On 12/01/17 18:15, Tyler Baicar wrote:
ARM APEI extension proposal added SEA (Synchrounous External
Nit: Synchronous
I'll fix that :)
Abort) notification type for ARMv8.
Add a new GHES error source handling function for SEA. If an error
source's notification type is SEA, then this function can be registered
into the SEA exception handler. That way GHES will parse and report
SEA exceptions when they occur.

diff --git a/drivers/acpi/apei/ghes.c b/drivers/acpi/apei/ghes.c
index 2acbc60..87efe26 100644
--- a/drivers/acpi/apei/ghes.c
+++ b/drivers/acpi/apei/ghes.c
@@ -767,6 +772,62 @@ static struct notifier_block ghes_notifier_sci = {
  	.notifier_call = ghes_notify_sci,
  };
  
+#ifdef CONFIG_HAVE_ACPI_APEI_SEA
+static LIST_HEAD(ghes_sea);
+
+static int ghes_notify_sea(struct notifier_block *this,
+				  unsigned long event, void *data)
+{
+	struct ghes *ghes;
+	int ret = NOTIFY_DONE;
+
+	nmi_enter();
Can we move this into the arch code?

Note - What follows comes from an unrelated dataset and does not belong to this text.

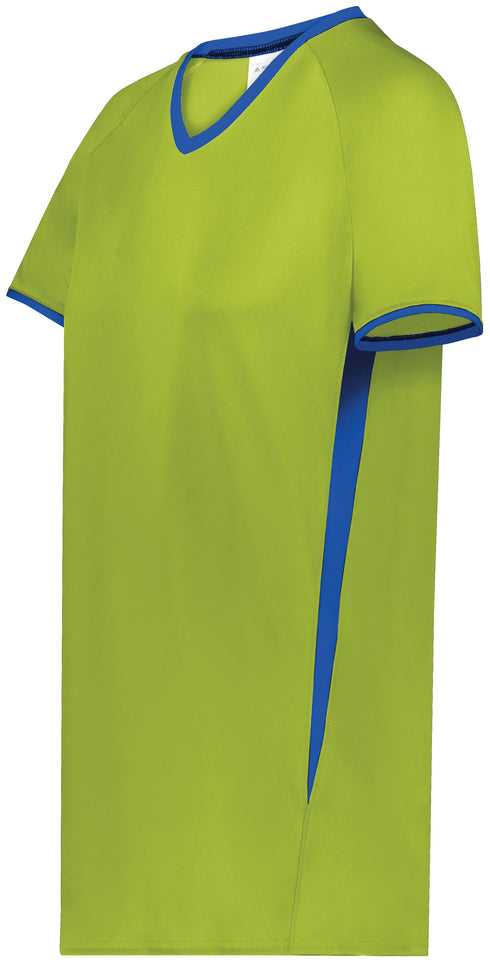 Augusta Sportswear Girls Cutter+ V-Neck Jersey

Its because we got here from a
synchronous-exception that makes this nmi-like, I think it only makes sense for
it be called from under /arch/.
So move the nmi_enter/exit calls into do_sea of the previous patch? I 
can do that in the next patchset.
Where did the rcu_read_lock() go? I can see its missing from ghes_notify_nmi()
too, but I don't know enough about RCU to know if that's safe!

The second paragraph in the comment above rcu_read_lock() describes it as
preventing call_rcu() during a read-side critical section that was running
concurrently. Doesn't this mean we can race with ghes_sea_remove() on another
CPU because we wait for the wrong grace period?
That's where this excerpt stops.